Root vegetables and salad greens do really well during the fall. By growing these in the autumn months you can enjoy fresh local produce long after the traditional harvest season. Other vegetables to plant in September are the plan-ahead types that will build healthy root systems all winter in preparation for the spring. Here are my favorite five vegetables to plant in September!
You can do double duty with Turnips, eating both the yummy tender greens and sweet roots. Turnips germinate in a few days, so they’re a faster crop to harvest. The greens take about four weeks and the roots are ready in about eight weeks. They work best when soil has cooled to the 40 degree range and have been known to continue to grow even after the first frost. These vegetables go great with potatoes or you can even substitute them entirely!
Want a fast growing fall crop?
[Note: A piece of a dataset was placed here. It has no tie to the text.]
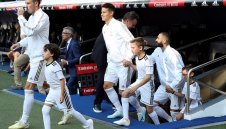 Реал Мадрид намери изненадващ купувач на Хамес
Look no further than the radish. These will be ready to harvest in three weeks. They like to be planted in sunny spots in the garden and it’s worth mixing in some aged compost and/or fertilizer, as radishes prefer a less compacted nutrient-rich environment. Best to plant radishes four-to-six weeks before the first frost.
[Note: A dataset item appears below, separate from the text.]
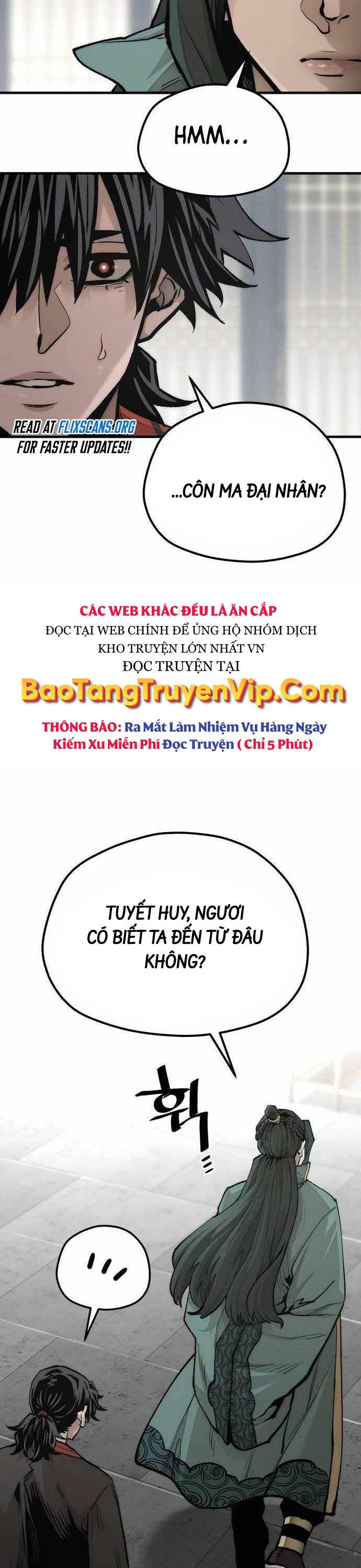 Thiên Ma Phi Thăng Truyện: Chapter 120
Lettuce is an all-star vegetable to plant in the fall, taking only a week or so to germinate, depending on the variety. They may take a little more maintenance at the beginning to thin the seedlings but once the leaves are the size of a tablespoon you can start to harvest for some tender baby lettuce. An added bonus with planting lettuce in September is that certain varieties are hardy enough to return after winter for an early spring crop. It’s best to plant lettuce six-to-eight weeks before the first frost in your area.
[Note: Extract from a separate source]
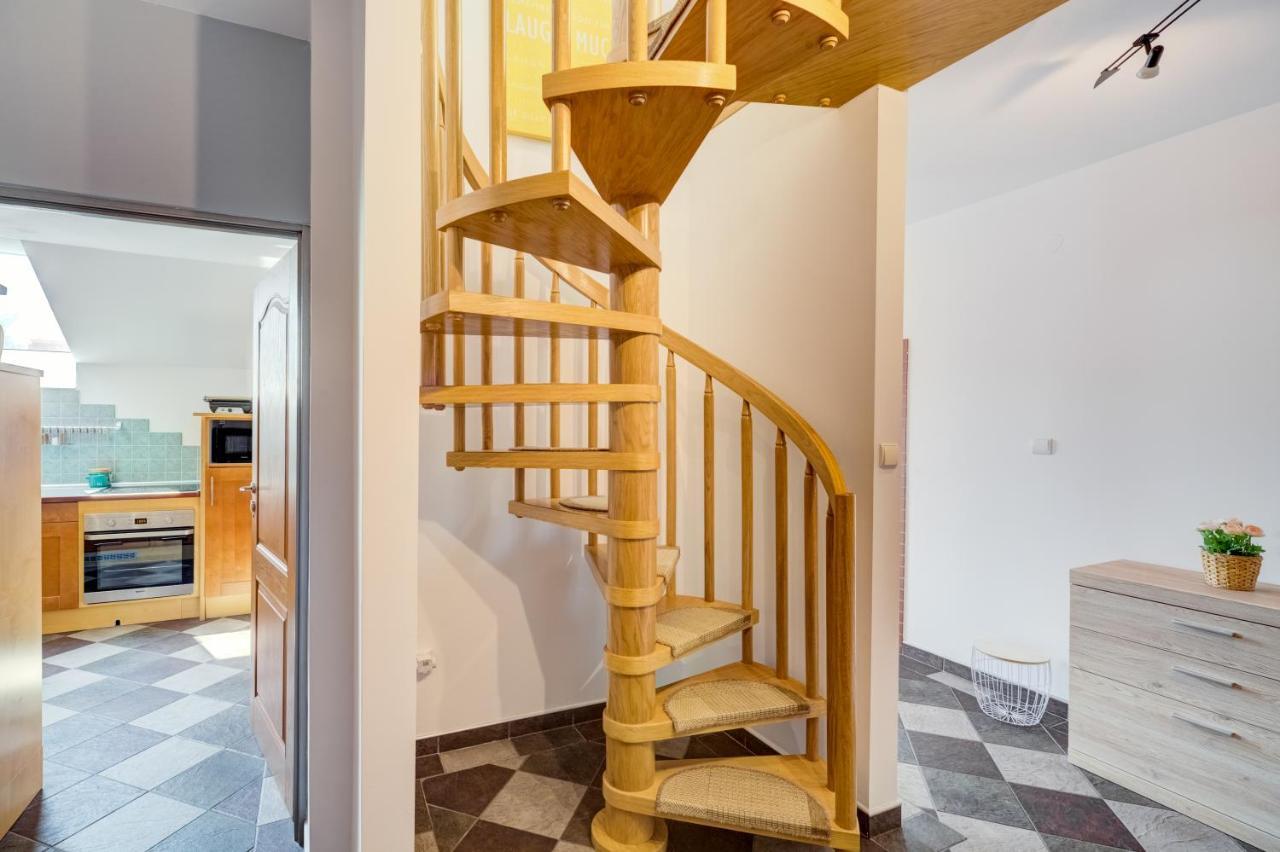 Apartment Kwiatowy Krynica Zdroj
Besides being a trendy superfood, Kale is a hardy vegetable that can withstand cooler weather and is even known to survive temperatures as low as ten degrees! In September, it’s best to find kale plants already started at your local nursery. But once transplanted, these will be ready for harvest in about six-to-eight weeks or when the leaf is about the size of your hand, making them a perfect ingredient in your favorite smoothie or fall soup recipe!
Want to get a head start on next season’s crops? Plant garlic in late September. It’s best to plant a few varieties just in case one does better in your region than another. You’ll want to separate cloves no more than two days before planting. Leave the peels intact and place the cloves pointy side up in soil about six inches apart and two inches deep. Add about five inches of mulch on top for insulation. Your garlic will form strong roots over the winter and be ready to take off after the first thaw, for a speedy spring crop.
I’d love to hear what your favorite vegetables to plant in September are, and any tips you have about autumn planting in your region. Tell me what your September garden looks like!